- Opening Delimiter -

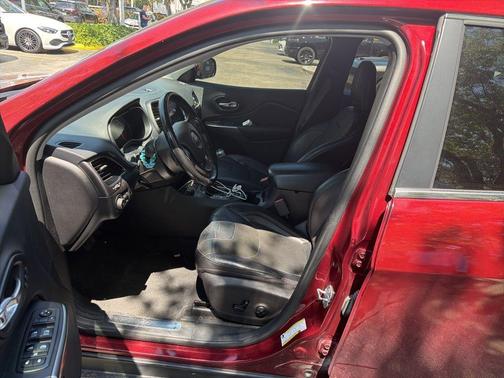 Velvet Red Pearlcoat 2020 Jeep Cherokee Limited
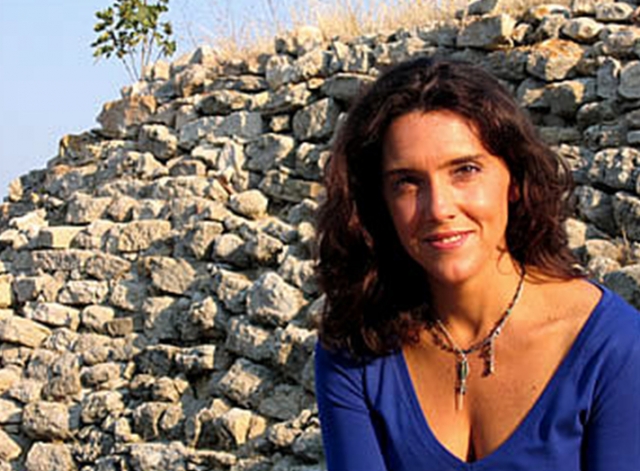 The British Institute at Ankara - TREASURES OF THE WORLD: ISTANBUL BIAA  Honorary Patron Bettany Hughes on Channel 4 Tomorrow (Saturday 2nd October)  at 7pm 🇬🇧, Bettany will explore #Istanbul's iconic landmarks. #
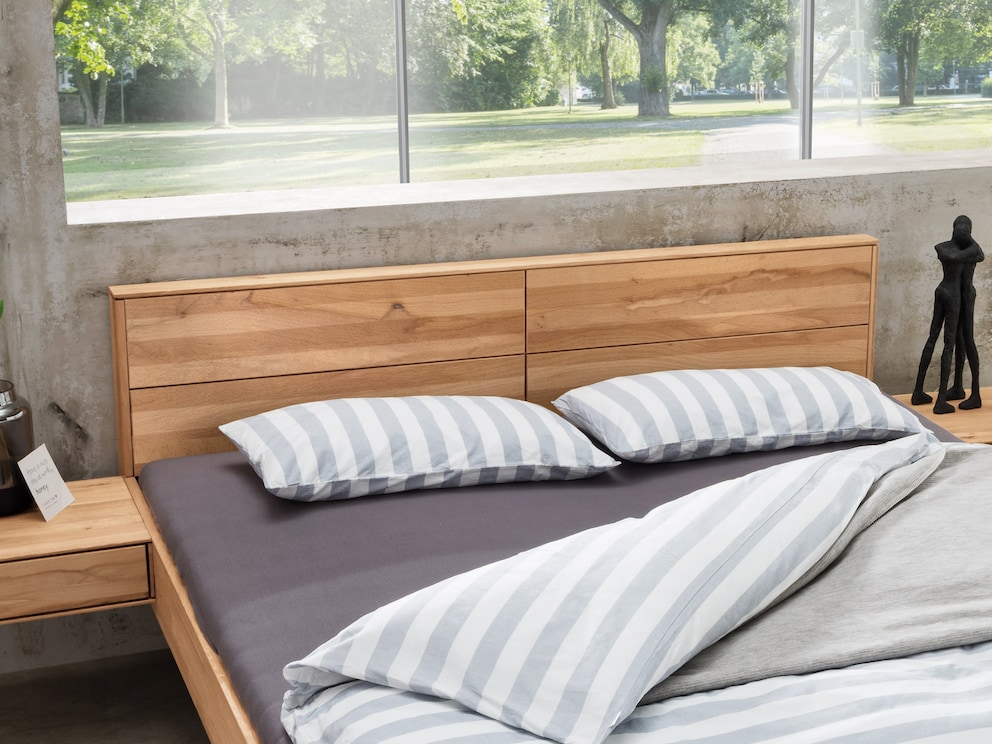 Tête de lit attrayante avec fraisage décoratif transversal et longitudinal pour une optique en quatre parties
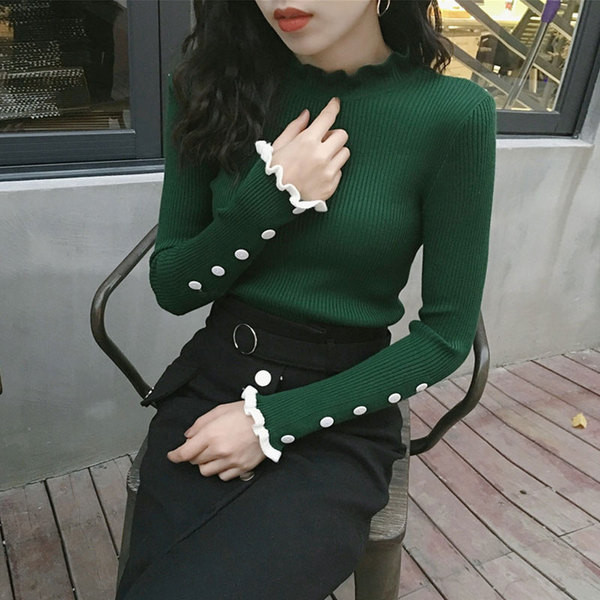 Μοντέρνα γυναικεία μπλούζα με διακοσμητικά κουμπιά σε δύο χρώματα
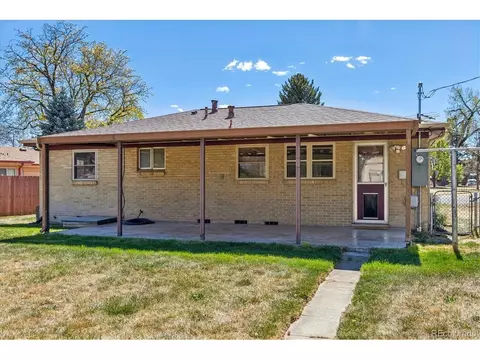 Exterior - 5755 Dover St, Arvada, CO 80002 photo 2 of 12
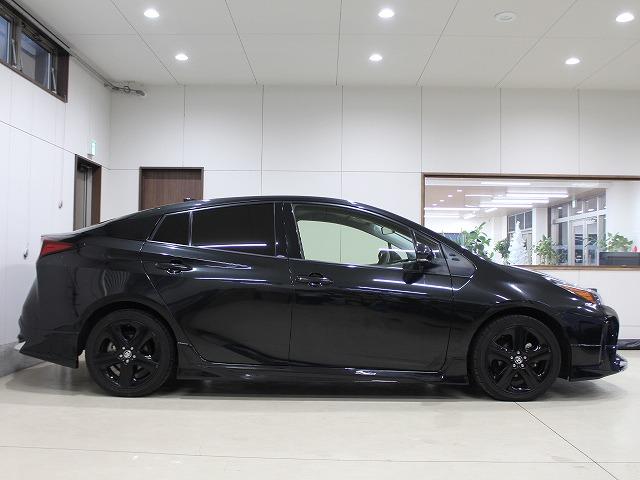 プリウス Sツーリングセレクション・ブラックエディション フルエアロ・レザー調シート・ETC・バックカメラ・Bluetooth・LEDライト・オートマチックハイビーム・シートヒーター・クルーズコントロール・衝突軽減システム・クリアランスソナー・100V電源(18枚目)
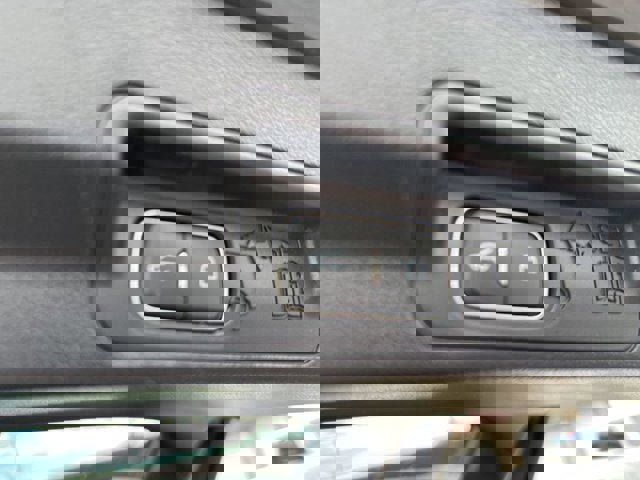 Certified 2021 Ford Explorer XLT w/ Equipment Group 202A image 19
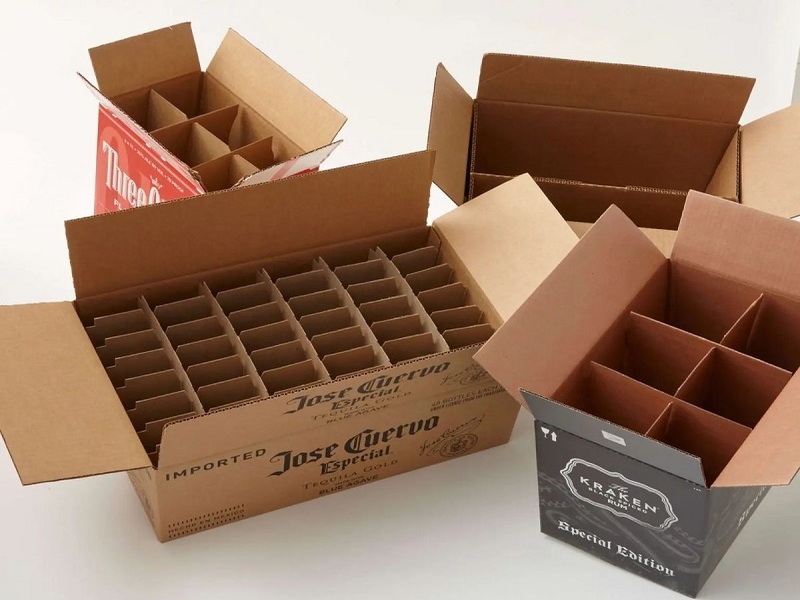 Thùng carton có vách ngăn đóng gói chai lọ thủy tinh và đồ uống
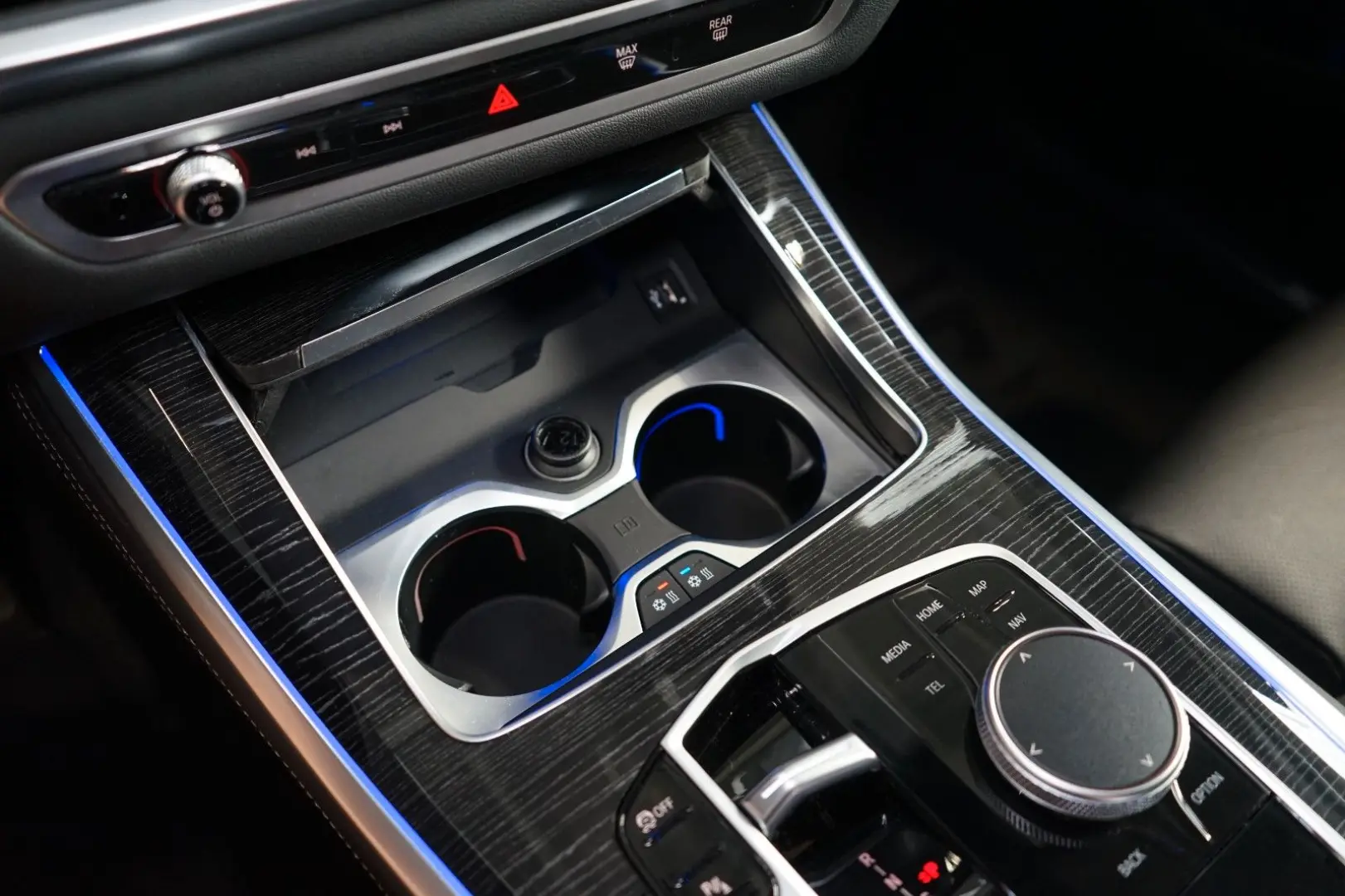 X5 40d xDRIVE H K TOW HUD INDIVIDUAL 67.438€ NET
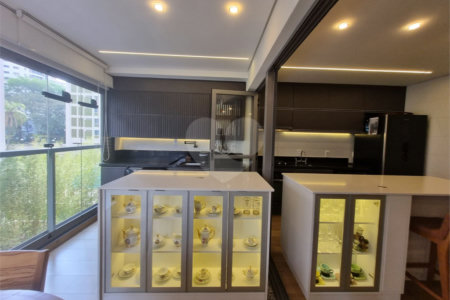 Apartamento à venda com 2 quartos, sendo 1 suíte, em Vila Mariana, São Paulo, SP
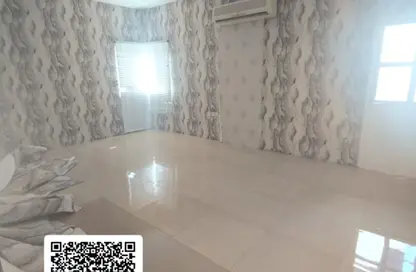 Apartment - 1 Bedroom - 2 Bathrooms for rent in Corniche Tower - Ajman Corniche Road - Ajman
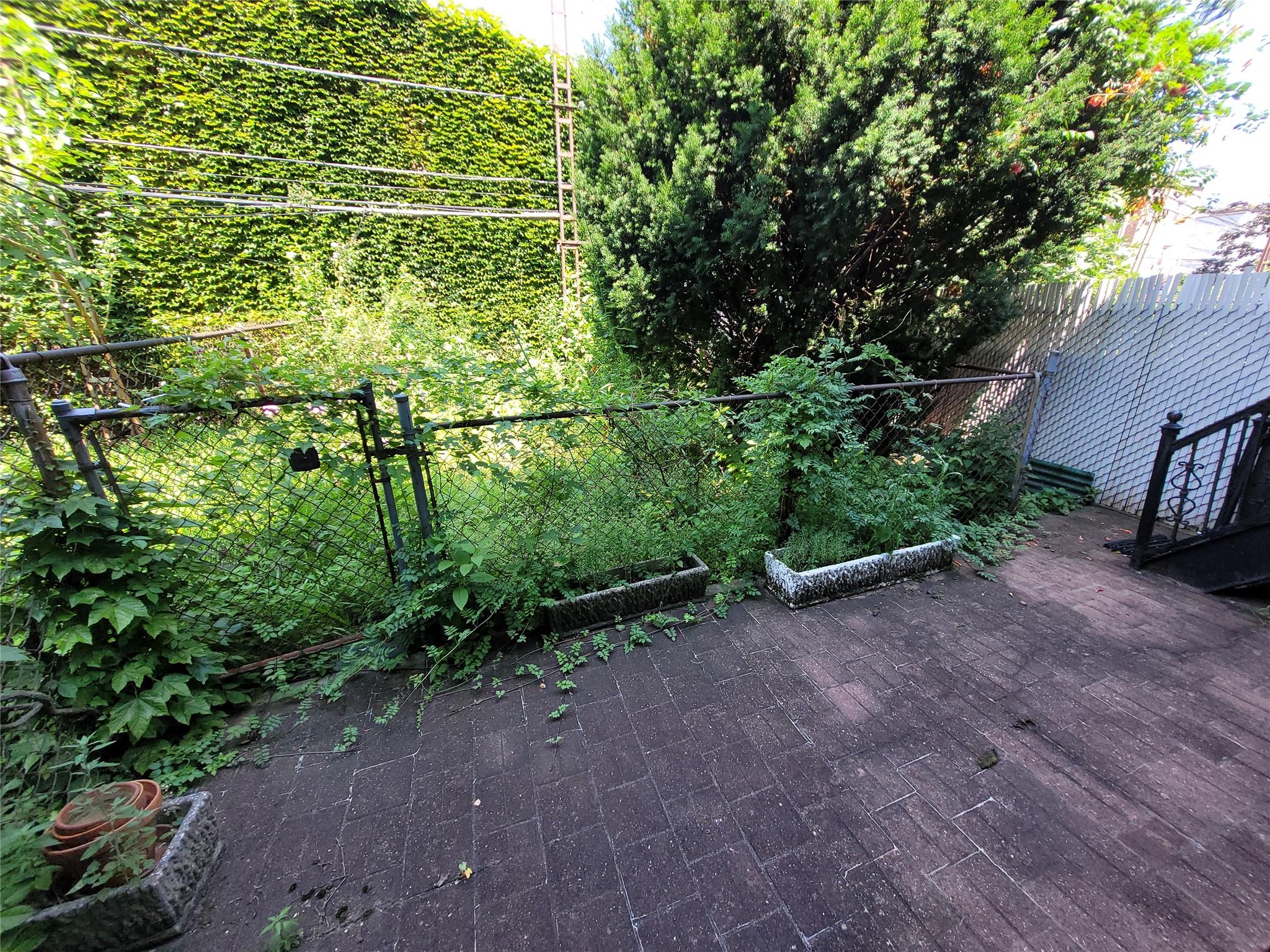 #6 photo, 3268 42nd Street, Astoria , NY 11103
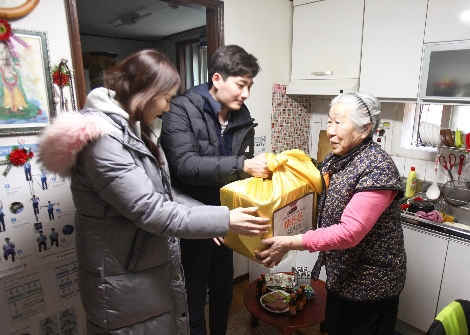 24일 양천구 신월동 일대에서 진행된 설맞이 'KB박스' 전달행사에서 KB증권 신입사원들이 인근 어르신들의 댁에 방문하여 KB박스를 전달하고 있다. 사진=KB증권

- Closing Delimiter -

▶ _EXERCISE BRIEF_: Each entry above must come back exactly as written. Drop the images.

▶ _REPLY TO THE EXERCISE_:
 Velvet Red Pearlcoat 2020 Jeep Cherokee Limited
 The British Institute at Ankara - TREASURES OF THE WORLD: ISTANBUL BIAA  Honorary Patron Bettany Hughes on Channel 4 Tomorrow (Saturday 2nd October)  at 7pm 🇬🇧, Bettany will explore #Istanbul's iconic landmarks. #
 Tête de lit attrayante avec fraisage décoratif transversal et longitudinal pour une optique en quatre parties
 Μοντέρνα γυναικεία μπλούζα με διακοσμητικά κουμπιά σε δύο χρώματα
 Exterior - 5755 Dover St, Arvada, CO 80002 photo 2 of 12
 プリウス Sツーリングセレクション・ブラックエディション フルエアロ・レザー調シート・ETC・バックカメラ・Bluetooth・LEDライト・オートマチックハイビーム・シートヒーター・クルーズコントロール・衝突軽減システム・クリアランスソナー・100V電源(18枚目)
 Certified 2021 Ford Explorer XLT w/ Equipment Group 202A image 19
 Thùng carton có vách ngăn đóng gói chai lọ thủy tinh và đồ uống
 X5 40d xDRIVE H K TOW HUD INDIVIDUAL 67.438€ NET
 Apartamento à venda com 2 quartos, sendo 1 suíte, em Vila Mariana, São Paulo, SP
 Apartment - 1 Bedroom - 2 Bathrooms for rent in Corniche Tower - Ajman Corniche Road - Ajman
 #6 photo, 3268 42nd Street, Astoria , NY 11103
 24일 양천구 신월동 일대에서 진행된 설맞이 'KB박스' 전달행사에서 KB증권 신입사원들이 인근 어르신들의 댁에 방문하여 KB박스를 전달하고 있다. 사진=KB증권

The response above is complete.